Disaster Recovery: Impressive RPO and RTO objectives set by Google Apps Operations

Unless you are running a fly by night shop, DR (Disaster recovery) should be one of the top issues for your operations team. In a “Scalable architecture” world, the complexity of DR can become a disaster in itself. 

Yesterday Google Announced that it now finally has DR plan for Google Apps. While this is nice, one should always take such messages with a pinch of salt, until they prove it that they can do it. Look at the DR plan for Google App engine which was also there, but still suffered more than 2 hour outage because of incomplete documentation, insufficient training and probably lack of someone to make a quick decisive decision at the time of failure.
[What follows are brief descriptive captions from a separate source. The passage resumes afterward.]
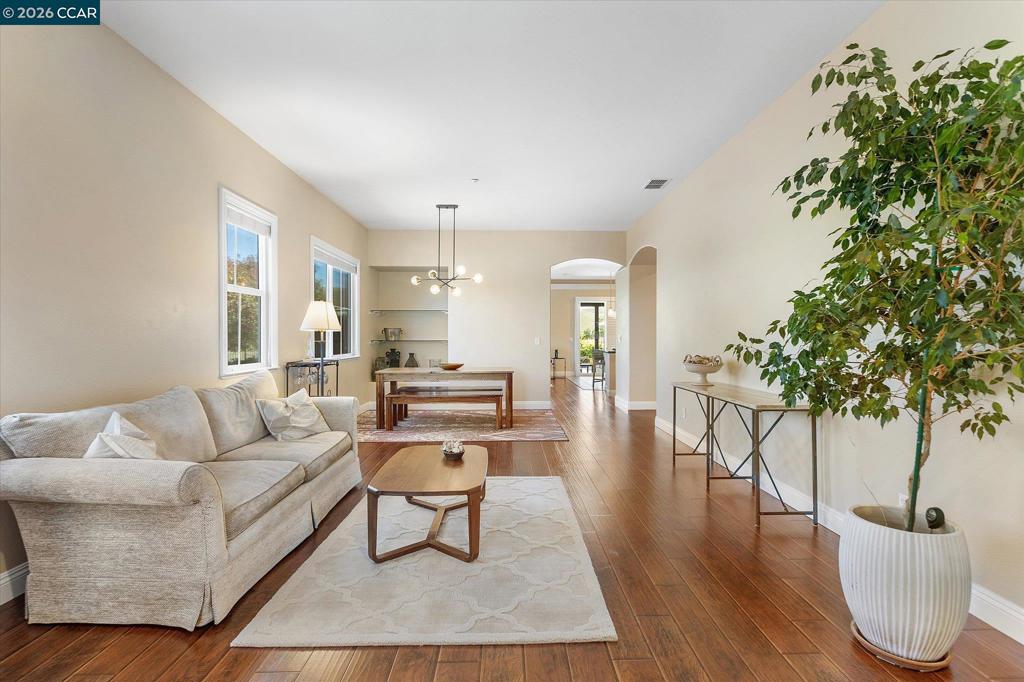 2400 Spyglass Dr., Brentwood (CC), CA 94513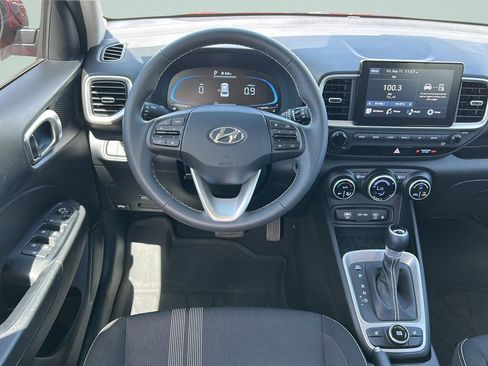 Used 2026 Hyundai Venue SEL FWD image 12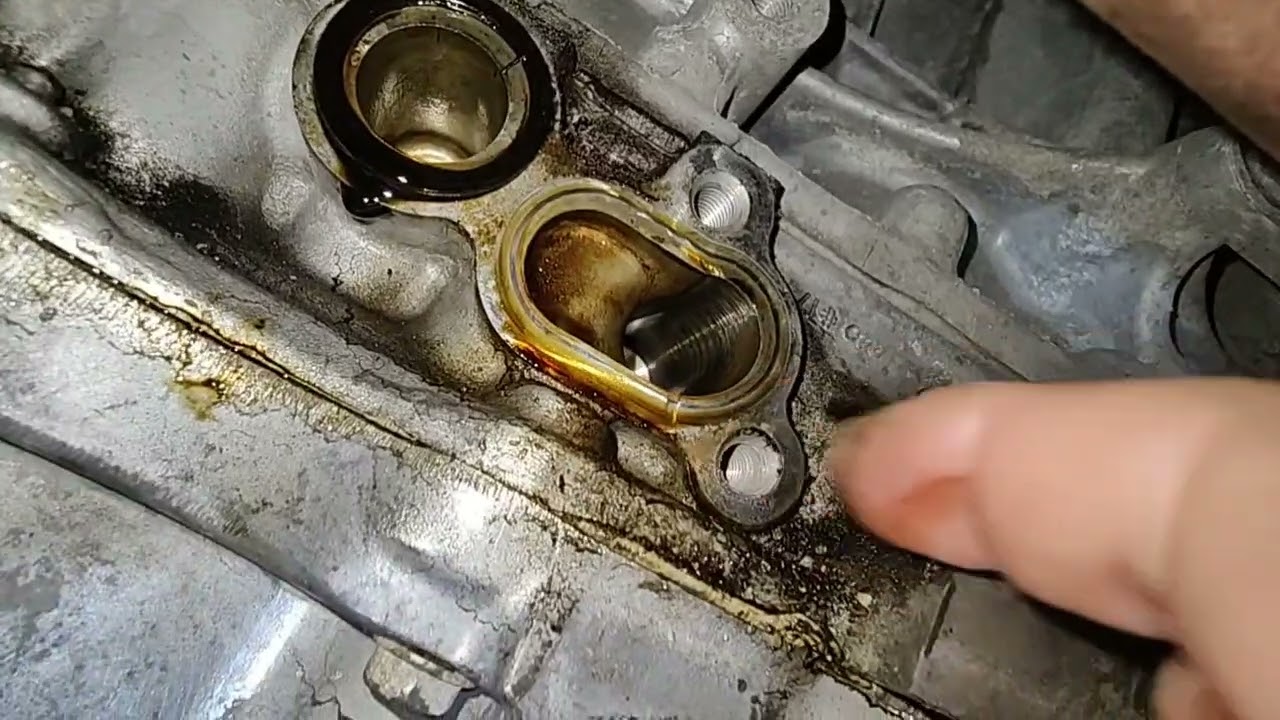 2014 Honda CRV Common oil leak if you notice this while changing your oil. Cheap and easy to fix. 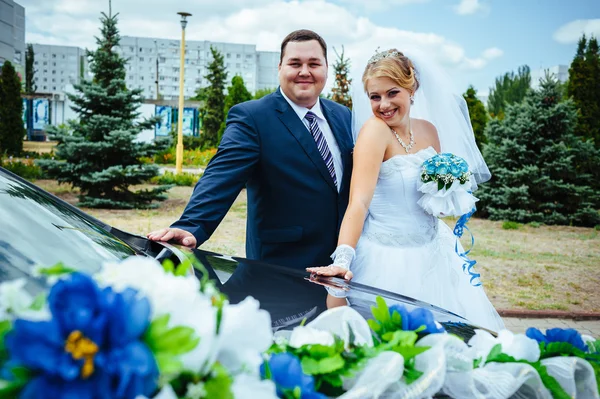 結婚式の車から彼の花嫁を助けること幸せな新郎. — ストック写真
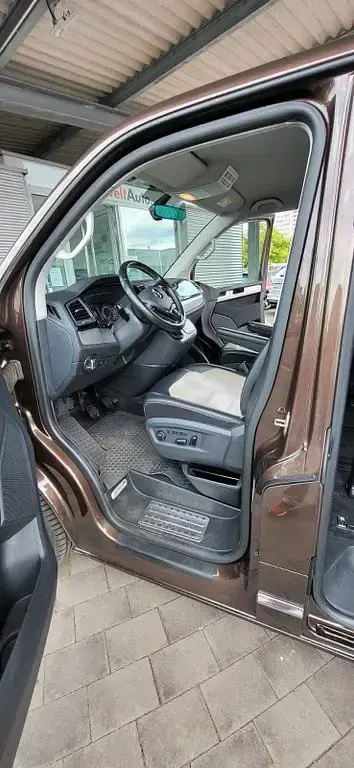 Gebraucht VW Multivan 150 PS (110 kW) 2015 Braun Van / Kleinbus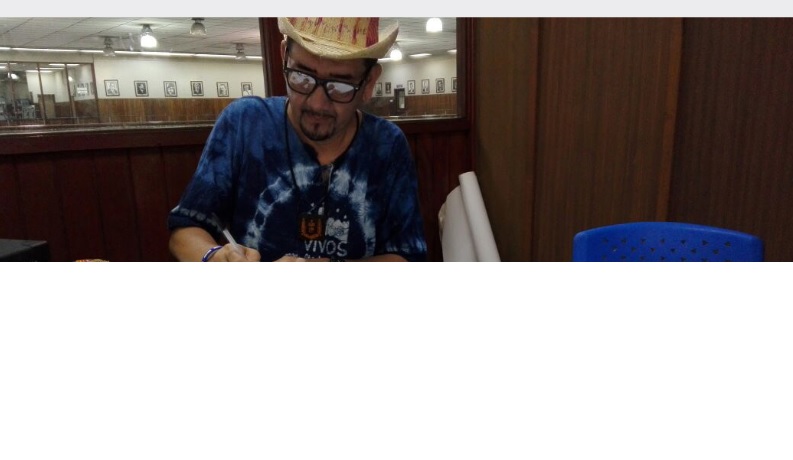 Archivo:Óscar Ramírez.jpg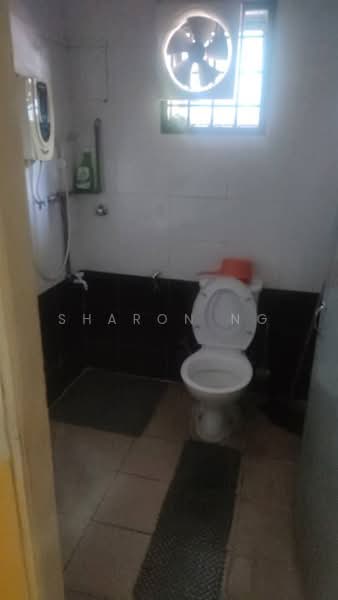 Rumah Teres 2 Tingkat untuk Dijual di Taman Mount Austin (Tebrau) - Sharon Ng - Bathroom - PropertyGuru.com.my
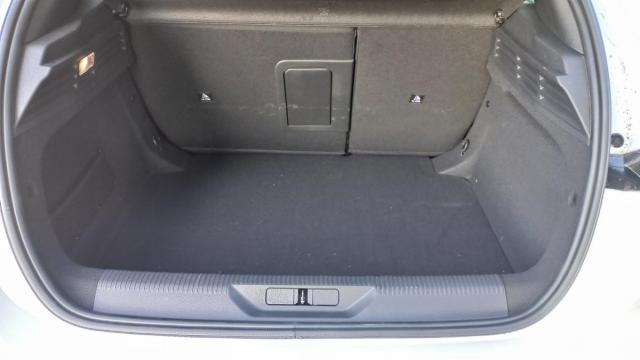 Peugeot 308 image 8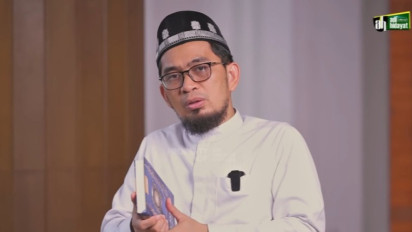 Walaupun Rajin Shalat di Masjid, Rezeki akan Seret hingga Doa Sulit Terkabul, Ustaz Adi Hidayat Bilang Karena Bawa Barang Ini
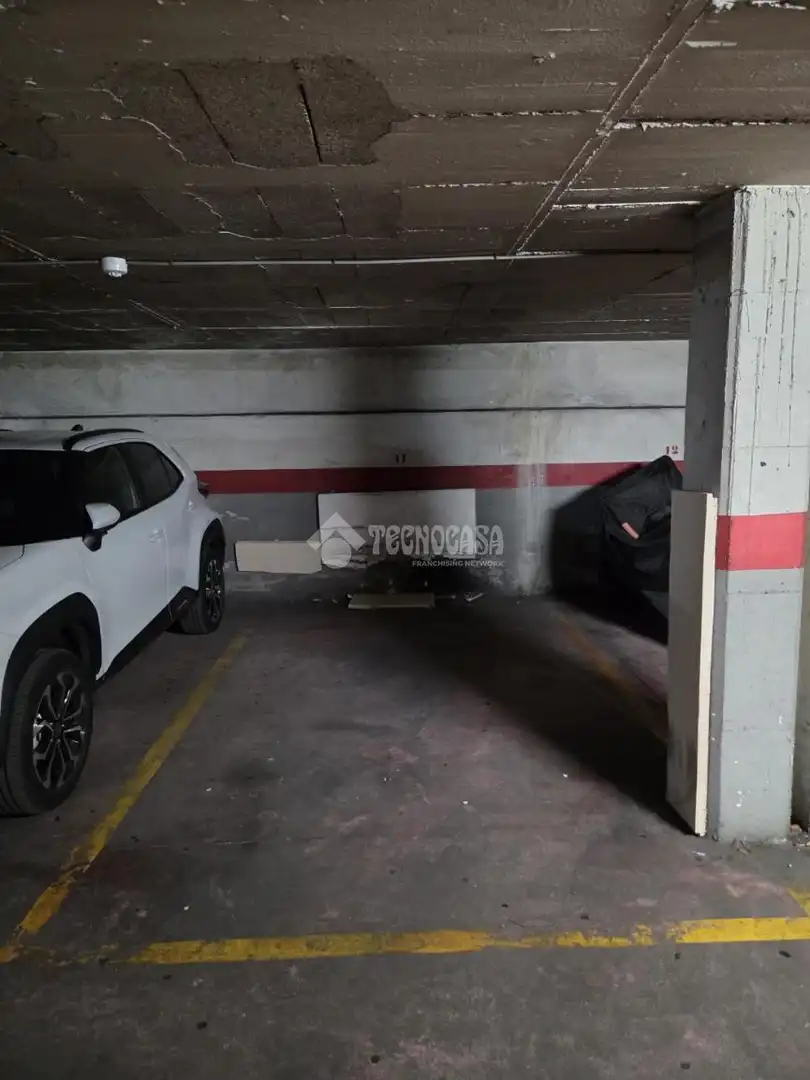 Parkplatz von Garage zum Verkauf in Terrassa
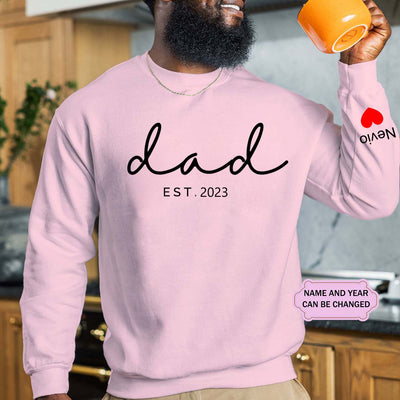Men's Father's Day Gift Personalized Dad Or Grandpa Est Sweatshirt With Child's Name On Sleeve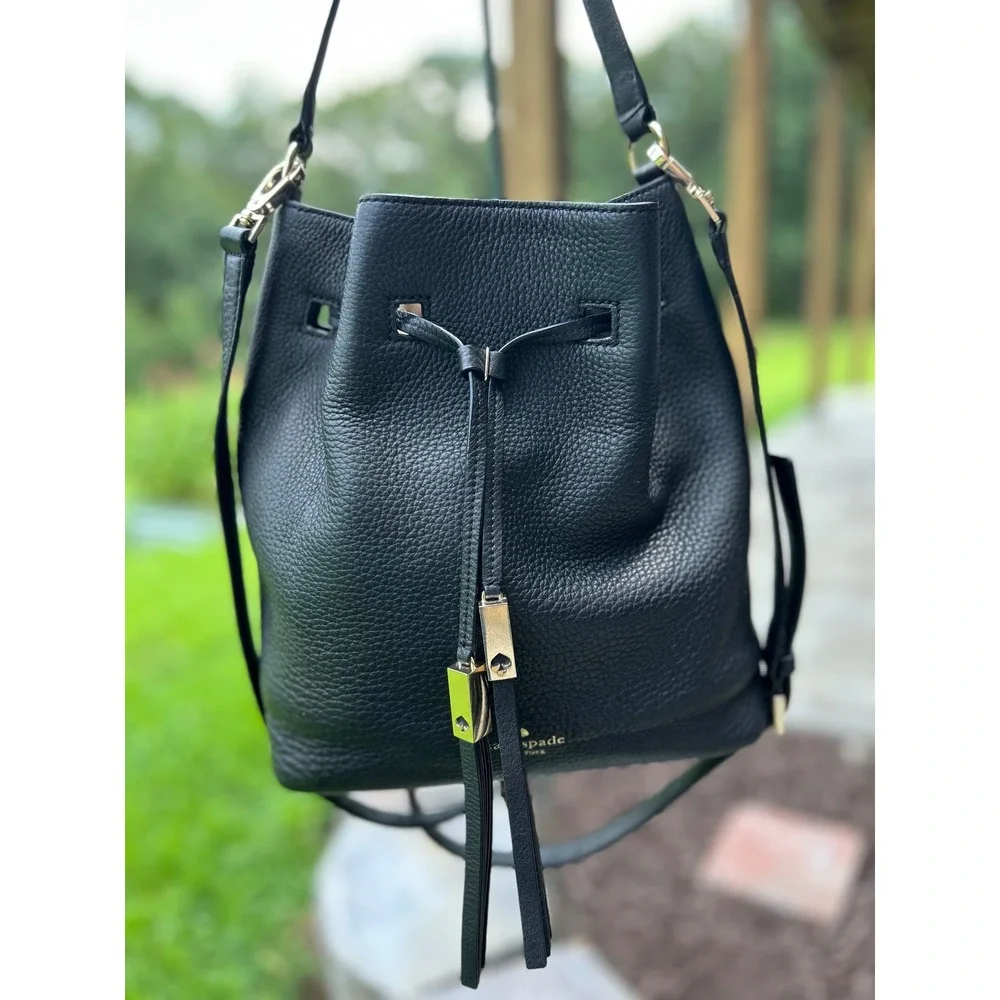 Kate Spade Grey Street Cooper Bucket Bag Black Pebbled Leather Crossbody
But back to Google Apps for now. These guys are planning for an RPO of 0 seconds, which means multiple datacenters will always be in consistent state all the time.  And they want a RTO to be instant failover as well ! This is an incredible DR plan, and requires technical expertise in all 7 layers of OSI Model to achieve it.

In larger businesses, companies will add a storage area network (SAN), which is a consolidated place for all storage. SANs are expensive, and even then, you’re out of luck if your data center goes down. So the largest enterprises will build an entirely new data center somewhere else, with another set of identical mail servers, another SAN and more people to staff them.

But if, heaven forbid, disaster strikes both your data centers, you’re toast (check out this customer’s experience with a fire). So big companies will often build the second data center far away, in a different ‘threat zone’, which creates even more management headaches. Next they need to ensure the primary SAN talks to the backup SAN, so they have to implement robust bandwidth to handle terabytes of data flying back and forth without crippling their network. There are other backup options as well, but the story’s the same: as redundancy increases, cost and complexity multiplies.

How do you know if your disaster recovery solution is as strong as you need it to be? It’s usually measured in two ways: RPO (Recovery Point Objective) and RTO (Recovery Time Objective). RPO is how much data you’re willing to lose when things go wrong, and RTO is how long you’re willing to go without service after a disaster.

For a large enterprise running SANs, the RTO and RPO targets are an hour or less: the more you pay, the lower the numbers. That can mean a large company spending the big bucks is willing to lose all the email sent to them for up to an hour after the system goes down, and go without access to email for an hour as well. Enterprises without SANs may be literally trucking tapes back and forth between data centers, so as you can imagine their RPOs and RTOs can stretch into days. As for small businesses, often they just have to start over.

For Google Apps customers, our RPO design target is zero, and our RTO design target is instant failover. We do this through live or synchronous replication: every action you take in Gmail is simultaneously replicated in two data centers at once, so that if one data center fails, we nearly instantly transfer your data over to the other one that’s also been reflecting your actions.

This is one of the most ambitious DR plan I’ve ever read off which involves such a huge customer base.They not only have to replicate all the user data into multiple data centers, they have to do it synchronously (or almost synchronously),  across a huge distance (latency can slow down synchronous operations) without impacting users. And to top it all, they have to do a complete site failover if the primary datacenter goes down.

I am impressed, but don’t mind learning more on how they do it.